Да, когда-то Матти и впрямь была прекраснее всех женщин Столицы…

И оставалась самой прекрасной до сих пор.

— У меня было два месяца, чтобы обдумать случившееся, — сказала Матти и подогнула под себя ноги. Мы обе сидели на полу, не обращая внимание ни на холод, исходящий от него, ни на приличия. — Какое-то время я не могла понять, что чувствую. Вроде бы злилась. Или пыталась злиться. Горевала. Однако совсем не плакала. Не разбила ни одной посудины и не накричала ни на одного слугу… Это не та злость и не то горе, которые ты представляешь себе. Да, мне все еще тяжело смотреть на себя в зеркало по утрам, но вовсе не потому, что я скорблю о своей красоте, а потому, что не узнаю себя. Это другая Маттиола, и с ней мне только предстоит научиться жить. — Она выдержала паузу, от которой мне вконец поплохело, а затем вдруг сказала: — Но не ты создала ее, Рубин. Все, что я помню из того дня — красноволосого юношу и непомерную боль, от которой даже не получилось закричать. Когда же я очнулась, то первое, о чем подумала: «В порядке ли Руби? За ней ли приходил этот человек? Где она сейчас?» И даже когда я узнала, почему он сделал то, что сделал, я ни разу не допустила мысли, что именно ты несешь ответственность за это. Ведь ты бы никогда не пожелала мне зла, Рубин. Я точно знаю это. И продолжила бы так считать, даже если ты сама приставила к моему горлу меч.

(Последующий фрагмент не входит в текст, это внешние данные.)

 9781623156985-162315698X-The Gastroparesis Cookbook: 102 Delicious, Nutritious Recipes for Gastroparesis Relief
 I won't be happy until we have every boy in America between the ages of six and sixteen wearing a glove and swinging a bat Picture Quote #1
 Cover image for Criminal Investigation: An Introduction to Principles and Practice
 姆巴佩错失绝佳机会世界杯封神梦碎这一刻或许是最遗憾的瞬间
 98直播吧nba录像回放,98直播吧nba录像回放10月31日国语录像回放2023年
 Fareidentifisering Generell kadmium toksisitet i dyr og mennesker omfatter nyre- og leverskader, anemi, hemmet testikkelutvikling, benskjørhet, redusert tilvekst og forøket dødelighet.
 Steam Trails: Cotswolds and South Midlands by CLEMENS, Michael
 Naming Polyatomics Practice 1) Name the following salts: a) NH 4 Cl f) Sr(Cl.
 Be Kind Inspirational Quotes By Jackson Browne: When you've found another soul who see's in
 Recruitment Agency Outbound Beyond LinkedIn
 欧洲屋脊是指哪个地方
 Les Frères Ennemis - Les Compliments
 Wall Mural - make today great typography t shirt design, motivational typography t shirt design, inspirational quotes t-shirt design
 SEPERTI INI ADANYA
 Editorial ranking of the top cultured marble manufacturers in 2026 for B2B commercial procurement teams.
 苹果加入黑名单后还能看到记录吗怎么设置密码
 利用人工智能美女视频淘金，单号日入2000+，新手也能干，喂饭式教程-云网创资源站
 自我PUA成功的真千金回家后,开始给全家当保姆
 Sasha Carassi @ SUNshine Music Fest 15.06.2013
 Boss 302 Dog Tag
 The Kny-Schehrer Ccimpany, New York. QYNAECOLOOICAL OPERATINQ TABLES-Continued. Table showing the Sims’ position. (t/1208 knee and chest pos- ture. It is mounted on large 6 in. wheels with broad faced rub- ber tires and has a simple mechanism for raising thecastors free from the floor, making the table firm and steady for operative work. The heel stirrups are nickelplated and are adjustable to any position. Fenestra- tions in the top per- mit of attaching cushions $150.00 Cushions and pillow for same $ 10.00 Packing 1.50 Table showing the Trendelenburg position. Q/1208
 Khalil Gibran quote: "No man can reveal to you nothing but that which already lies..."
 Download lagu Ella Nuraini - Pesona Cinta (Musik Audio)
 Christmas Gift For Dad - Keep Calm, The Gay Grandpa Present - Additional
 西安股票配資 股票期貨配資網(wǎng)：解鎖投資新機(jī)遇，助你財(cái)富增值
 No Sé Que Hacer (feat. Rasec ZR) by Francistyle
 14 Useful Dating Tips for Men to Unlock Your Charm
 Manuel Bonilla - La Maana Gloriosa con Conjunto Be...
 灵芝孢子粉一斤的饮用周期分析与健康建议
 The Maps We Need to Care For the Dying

Пока Матти говорила, я не дышала и уж тем более не смела перебивать ее. Она бродила взглядом по своим пальцам, тоже покрытым шрамами, но на сей раз от бесконечного прядения и шитья; от тех дней, что заботилась обо мне, вязала нам игрушки и платьица для кукол, вынимала занозы из моих ног и цепляла их сама, когда падала с деревьев, куда я заставляла ее забираться на спор. «Матти привыкла к шрамам», — подумалось мне. В жилах Маттиолы не текло ни капли высокородной крови, а в ее семье не было никого зажиточнее обычного купца. Всего лишь дочь вёльвы, пусть и королевской, и хускарла из прибрежной деревеньки. Приставленная ко мне служанкой до конца наших дней, вряд ли она хоть когда-то уповала на то, что жизнь ее будет сладкой и беспечной. Матти с детства была готова ко всему на свете.

Она вовсе не слабая. Она гораздо сильнее меня.

— Я люблю тебя, сестренка, — сказала Маттиола, улыбнувшись уголками губ, перечеркнутыми очередным шрамом. Ресницы ее дрожали, отбрасывая тени на шершавые щеки. — Быть может, и меня кто-нибудь однажды полюбит… Даже вот такой… Но, если нет, это не страшно. Главное, чтобы ты, Гектор и Ллеу любили.

— Ох, Матти!

Я пододвинулась к ней и протянула руки. Вопреки моим опасениям Матти не отстранилась, а подалась навстречу, позволяя обнять себя. Неизвестно, сколько мы сидели так, просто держась друг за друга. Затем ее голова легла мне на плечо, и я почувствовала, как ткань потрепанного платья тяжелеет, пропитываясь слезами. От Матти пахло розовым маслом и заварным кремом, который она иногда помогала готовить на кухне (единственное блюдо, которое у нее получалось), а от меня все еще пахло пустыней, диким простором и… грязью.